Thyme Care is a market-leading value-based oncology care enabler, dedicated to improving the experience for people with cancer. The Data Integration Engineer will be responsible for ensuring reliable data flow from partners and vendors, collaborating with various teams to enhance data ingestion processes, and improving data models and pipelines.
Responsibilities:
- Collaborate closely with our Product Manager and other Data teammates focused on data ingestion and analytics engineering
- Support ingestion of a wide range of healthcare-related sources (claims, eligibility, prior auth, ADT, etc.) by configuring net-new ingestions (parsing file specs, validating assumptions, communicating inconsistencies)
- Debugging issues in ongoing ones
- Helping standardize our processes and pipelines
- Collaborate with data scientist deal owners and internal stakeholders to turn messy, ambiguous requirements into concrete mapping/validation logic and durable data contracts
- Use Dagster and GitHub Actions to orchestrate and automate the early stages of our data pipelines, improving run reliability and reducing manual intervention
- Work hands-on with raw data using Jupyter Notebooks in Databricks to investigate data issues, validate assumptions, and unblock processing
- Design and support incremental data loads (append/merge/upsert patterns) and safe reprocessing (idempotent runs, late-arriving data, backfills)

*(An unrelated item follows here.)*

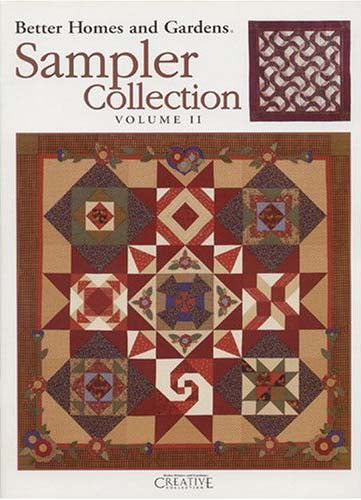 Sampler Collection Volume II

- Learn to use Datadog and PagerDuty to monitor pipelines, triage incidents during business hours, communicate impact clearly, and drive root-cause fixes to prevent recurrences
- Contribute to a complex, self-hosted dbt monorepo: implement transformations, incremental models, tests, documentation, and conventions that scale across deals
Requirements:
- Strong SQL skills
- Familiarity with dbt (and an interest in ramping up your expertise), including working in larger/complex projects
- Working knowledge of Python for data investigation in notebooks
- Experience operating data pipelines: debugging failures, tracing issues across systems, and communicating clearly about root cause and mitigation
- Experience with testing and data quality: writing and maintaining tests and using failures/alerts to drive durable fixes
- Responsiveness and the ability to stay calm and organized when triaging failing ingestion runs or pipelines
- Willingness to learn new domains and tools quickly (new partner file formats, evolving standards, Databricks), and apply feedback without ego
- The ability to engage technical and non-technical stakeholders to explain what's happening in our pipelines and identify opportunities to improve transparency and alerting
- Nice-to-have: healthcare data exposure (claims/eligibility/ADT/etc.)